Six years ago, the General Data Protection Regulation (GDPR) was first proposed to the EU. Two years ago, the EU passed the new regulation. And in 3 months, GDPR will take effect.
GDPR has a broad scope. We know just as much as anyone else about the new regulation. And we’ll have to wait for May to roll around to see how it will work. But considering how transformative GDPR will be and how quickly those 3 months will go by, everyone needs to start thinking and talking about it.
GDPR at a Glance
GDPR has two main goals:
- To give EU citizens more power over their personal data.
- To streamline international business involving personal data.
Given that the law is going to make major changes to any and all sectors in which EU citizens’ personal data plays a role, it’s no wonder that GDPR is an extremely complex piece of legislation, with a lot of parts that each require careful consideration.
Businesses foreign to the EU are required to comply with the regulation if they wish to offer their services and products to EU citizens. Most of the regulation directs organizations on how to handle personal data, but what would happen if they ever lost their grip?
Why Crisis Management and Business Continuity are on Our Minds
One article outlines this scenario, and it’s why we’ve got crisis management and business continuity on our minds: Article 33.

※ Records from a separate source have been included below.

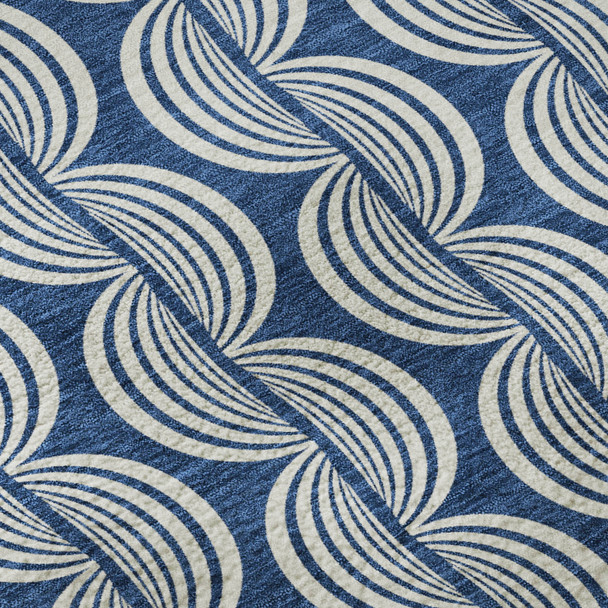 Addison Mayfield AMF1055 Navy Rug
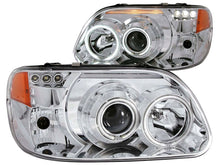 Load image into Gallery viewer, Anzo 1995-2001 Ford Explorer Projector Headlights w/ Halo Chrome 1 pc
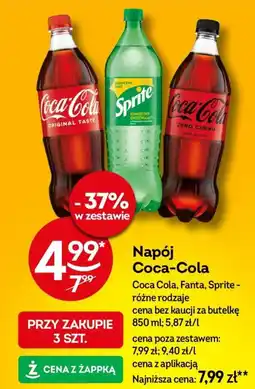 Żabka Napój Coca-Cola oferta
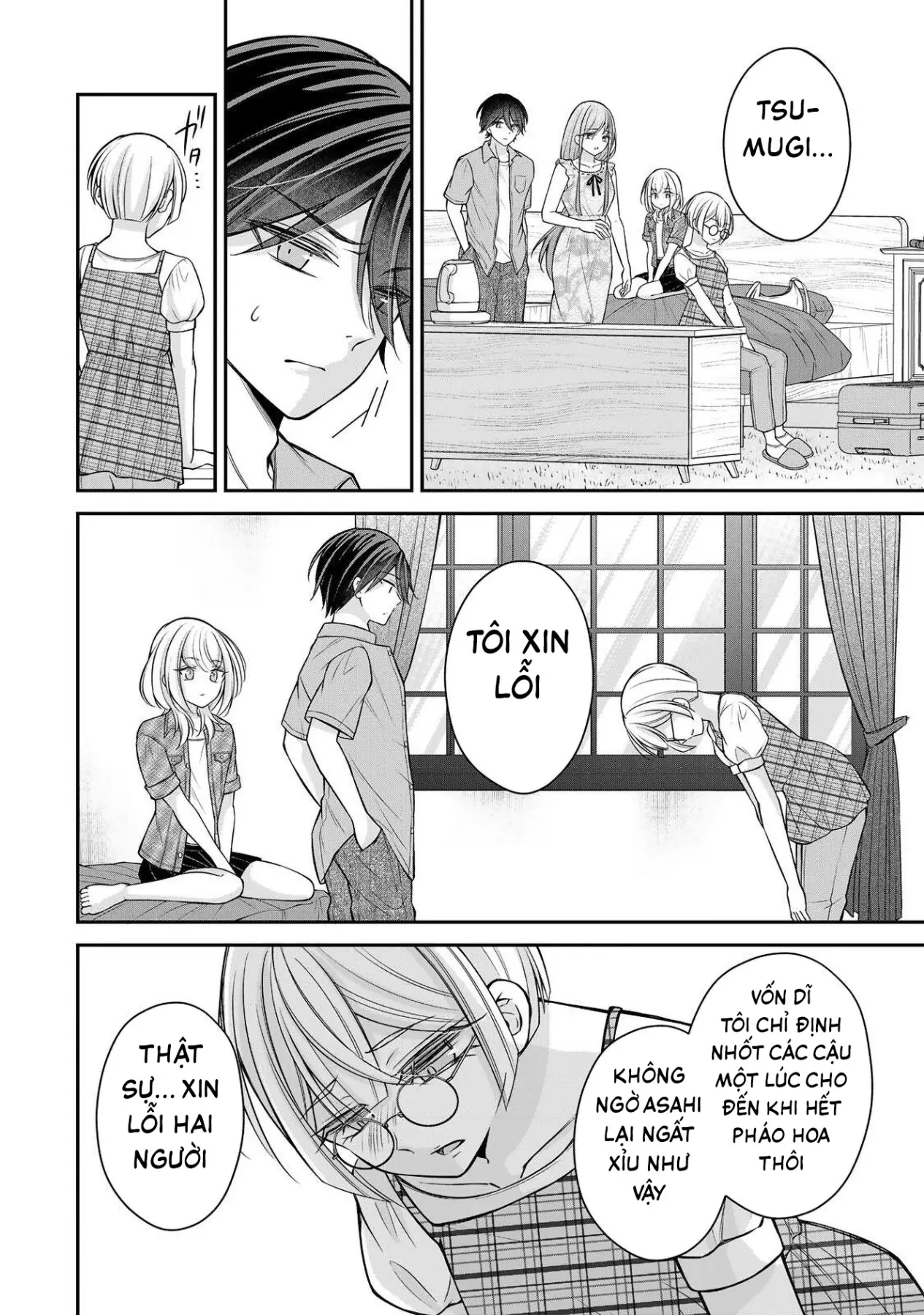 Tôi muốn dạy cho Asahi biết thế nào là lễ độ Chapter  22 - 3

This section of GDPR pertains to data breaches. More specifically, the article outlines required actions for companies experiencing data breaches to take. In a nutshell, these requirements are:*
- Inform their respective supervisory authority**
- Inform any EU residents with negatively affected personal data
- Offer recommendations for mitigating the effects
- Direct EU residents to where they can obtain more information
- Document the whole event (for ensuring regulatory compliance)
All of this has to be done within 72 hours of the breach. With time as such an important factor, it’s easy to see why preparation for possible incidents is essential.
Planning and preparedness are at the heart of business continuity, crisis management, and risk management. We’ll have to wait for May (at the earliest) to see what guidelines, policies, standards, and certifications GDPR will require here, but there are already clearly established best practices that it will most likely become requirements in executing the law’s mandates.
*To read the full version of GDPR and Article 33, see gdpr-info.eu.
**Supervisory authorities will ensure companies maintain compliance with the regulation.
Best Practices: Crisis Management
A business’ response to an incident is known as crisis management. If you follow crisis management best practices, you already know what your response to any incident is. It’s all about having all of your ducks in a row before a crisis strikes.
Every crisis has parts the need to be played by ear, but anything that can be prepared for should be prepared for. Beam your notifications out. Assign your recovery tasks. Establish safe communication channels.
Don’t stop there, however. Keep your plans in arm’s reach and craft plans for every scenario. Know how they’ll function by running drills for each plan. You might not see every flaw on paper, but regular dry runs should make any leaks known (plus, your team will get some very valuable practice).
Crisis management is all about your response. Preparation and planning can do a lot of the heavy lifting for your business when a crisis happens. But how do you bounce back after everything’s been said and done?
Best Practices: Business Continuity
Recovery is the purpose of business continuity. Each incident will leave a unique impact on your business and will require special care to remedy entirely.
First, you’ll need to run some analytics. Business impact analyses (BIAs), risk assessments, and after action reports can help you recognize priorities, crucial tasks, downtimes, and the overall total impact. Use these to inform the next steps.
You’ll have to assign and perform tasks to get your business back on its feet. Apply the results of your analyses. Get your most important business functions back up and running.
Crisis management and business continuity are cyclic and inform one another. Don’t let your analyses gather dust. Inject the results into your plans to improve your response to the next crisis. You might even recognize the need for a new plan. Feed the whole cycle continuously to make sure your business is as prepared as possible.
GDPR: Takeaways and Lessons
Even if your business won’t be affected, GDPR and Article 33 are great reminders of how important crisis management and business continuity is. Anticipate what’ll happen and know how you’ll respond. Planning and preparedness are the keys to successfully handling an unexpected crisis.